LAVIS
LAVIS - A One-stop Library for Language-Vision Intelligence
A Python research library from Salesforce that bundles multiple vision-and-language AI models, including BLIP-2 and InstructBLIP, for image captioning, visual question answering, and text-to-image generation.
LAVIS is a Python library from Salesforce AI Research that brings together a collection of AI models capable of understanding both images and text at the same time. The kind of tasks these models can do includes describing what is in a photo, answering questions about an image, matching images to relevant text descriptions, and following natural-language instructions paired with visual input.
The library is meant to make it easier for researchers and developers to try out these vision-and-language models without rebuilding everything from scratch. It provides a consistent interface so you can load different models, run them on images or videos, and evaluate their performance across standard benchmarks using the same code patterns. The library also includes tools to load common research datasets used in this field.

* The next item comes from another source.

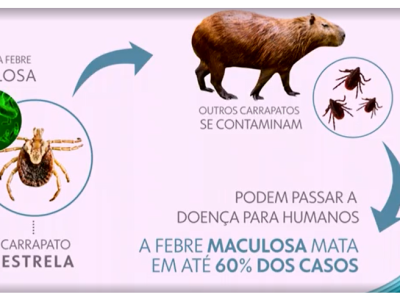 MACULOSA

Several notable models are included. BLIP-2 is a general image-language model that can be paired with a large language model to answer questions or generate descriptions. InstructBLIP extends that with instruction-following capabilities, meaning you can give it a task in plain English alongside an image. BLIP-Diffusion is a text-to-image generation model. X-InstructBLIP adds support for video, audio, and 3D input in addition to images.
The library is installable from PyPI and the README includes working Jupyter notebook examples for captioning images, answering visual questions, and extracting features. Full documentation and a benchmark comparison table are hosted separately.
LAVIS is released under a BSD 3-Clause license. It is primarily a research tool rather than a consumer product, so using it assumes familiarity with Python and machine learning workflows.
Where it fits
- Run BLIP-2 or InstructBLIP on your own images to generate captions or answer natural-language questions about them.
- Benchmark multiple vision-language models against standard research datasets using consistent evaluation code.
- Experiment with image-language models for a custom application without rebuilding training infrastructure from scratch.